* **Available records**:
%%

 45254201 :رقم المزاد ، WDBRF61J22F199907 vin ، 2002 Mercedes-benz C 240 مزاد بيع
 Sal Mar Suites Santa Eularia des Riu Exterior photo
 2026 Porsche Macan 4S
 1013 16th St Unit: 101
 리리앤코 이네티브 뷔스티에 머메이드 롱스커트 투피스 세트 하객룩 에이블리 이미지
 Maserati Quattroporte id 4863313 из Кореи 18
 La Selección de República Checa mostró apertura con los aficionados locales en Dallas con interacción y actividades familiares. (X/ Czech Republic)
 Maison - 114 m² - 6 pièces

%%
%%

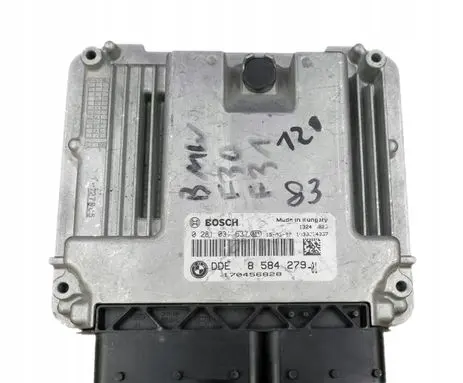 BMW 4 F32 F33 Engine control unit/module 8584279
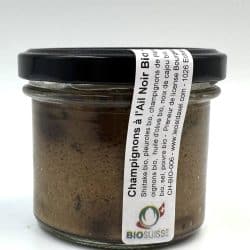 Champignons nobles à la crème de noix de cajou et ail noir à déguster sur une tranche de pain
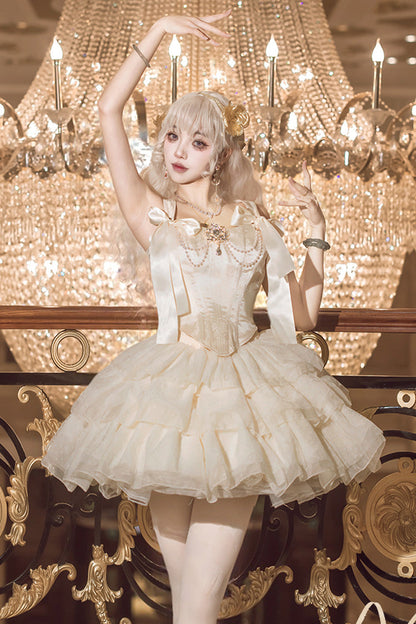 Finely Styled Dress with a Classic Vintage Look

%%

* **Directions**: Transcribe, exactly and without additions, the lines of the records above, beginning with the line that contains "Maserati Quattroporte id 4863313 из Кореи 18" and ending with the line that contains "Maison - 114 m² - 6 pièces", both included.

* **Solution to this exercise**:
 Maserati Quattroporte id 4863313 из Кореи 18
 La Selección de República Checa mostró apertura con los aficionados locales en Dallas con interacción y actividades familiares. (X/ Czech Republic)
 Maison - 114 m² - 6 pièces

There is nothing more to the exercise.